## DATASET ENTRIES:

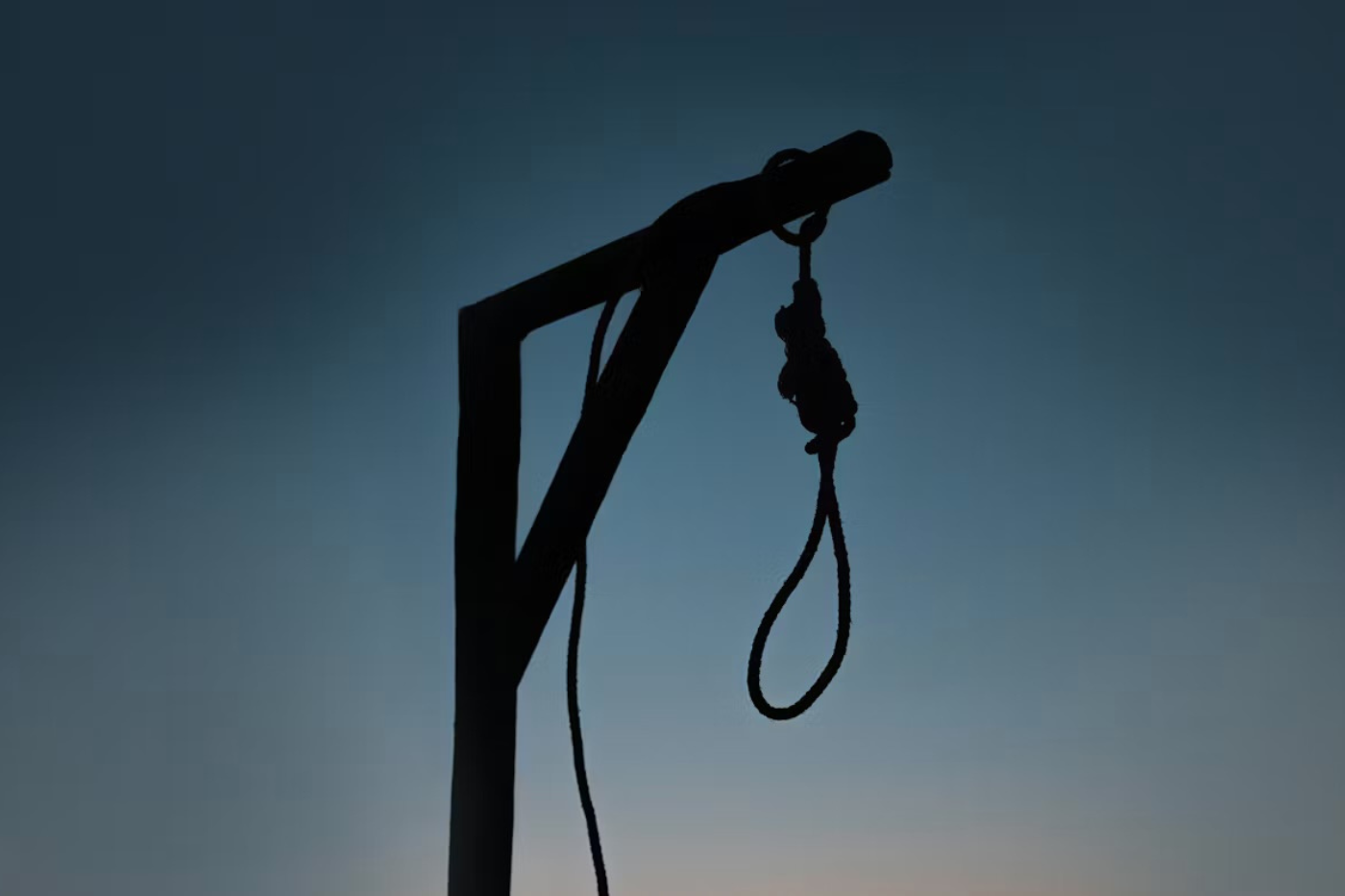 A noose attached to a wooden scaffold.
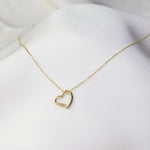 Minimal 14K gold heart charm necklace close up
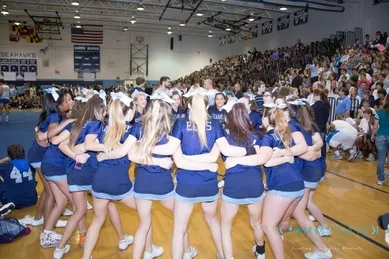 A group of cheerleaders in blue uniforms huddle on a gym floor during a school event, surrounded by spectators on bleachers.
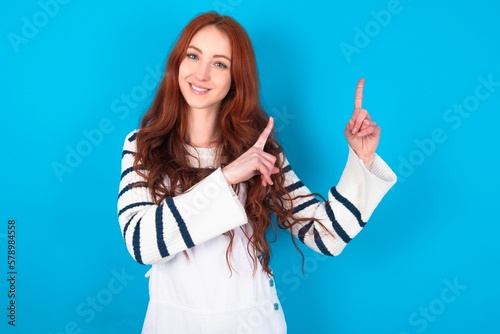 Positive young caucasian woman wearing overalls over blue background with beaming smile pointing with two fingers and looking on empty copy space. Advertisement concept.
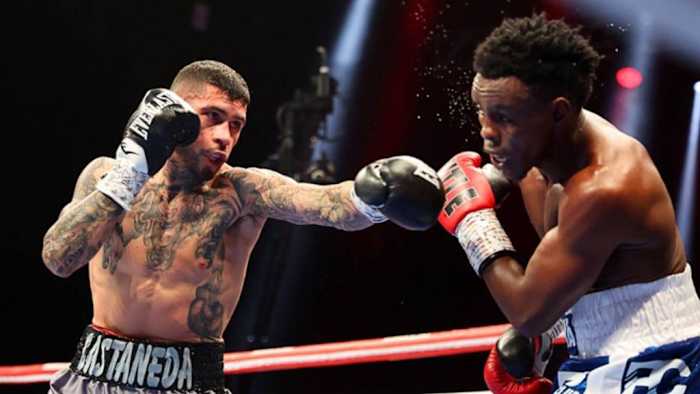 Arnold Barboza Jr. (L) lands a punch on Xolisani Ndongeni (R) at The Theater in Las Vegas, Nevada. Arnold Barboza Jr. claims he is Garcia's backup fighter in the event that Garcia withdraws from the Haney fight. CRIS ESQUEDA/GOLDEN BOY/GETTY IMAGES.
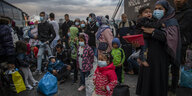 Flüchtlingsfamilien mit Gepäck vor einer Fähre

## EXERCISE DESCRIPTION:
Apart from the pictures, set down all the entries above exactly.

## EXPECTED ANSWER:
 A noose attached to a wooden scaffold.
 Minimal 14K gold heart charm necklace close up
 A group of cheerleaders in blue uniforms huddle on a gym floor during a school event, surrounded by spectators on bleachers.
 Positive young caucasian woman wearing overalls over blue background with beaming smile pointing with two fingers and looking on empty copy space. Advertisement concept.
 Arnold Barboza Jr. (L) lands a punch on Xolisani Ndongeni (R) at The Theater in Las Vegas, Nevada. Arnold Barboza Jr. claims he is Garcia's backup fighter in the event that Garcia withdraws from the Haney fight. CRIS ESQUEDA/GOLDEN BOY/GETTY IMAGES.
 Flüchtlingsfamilien mit Gepäck vor einer Fähre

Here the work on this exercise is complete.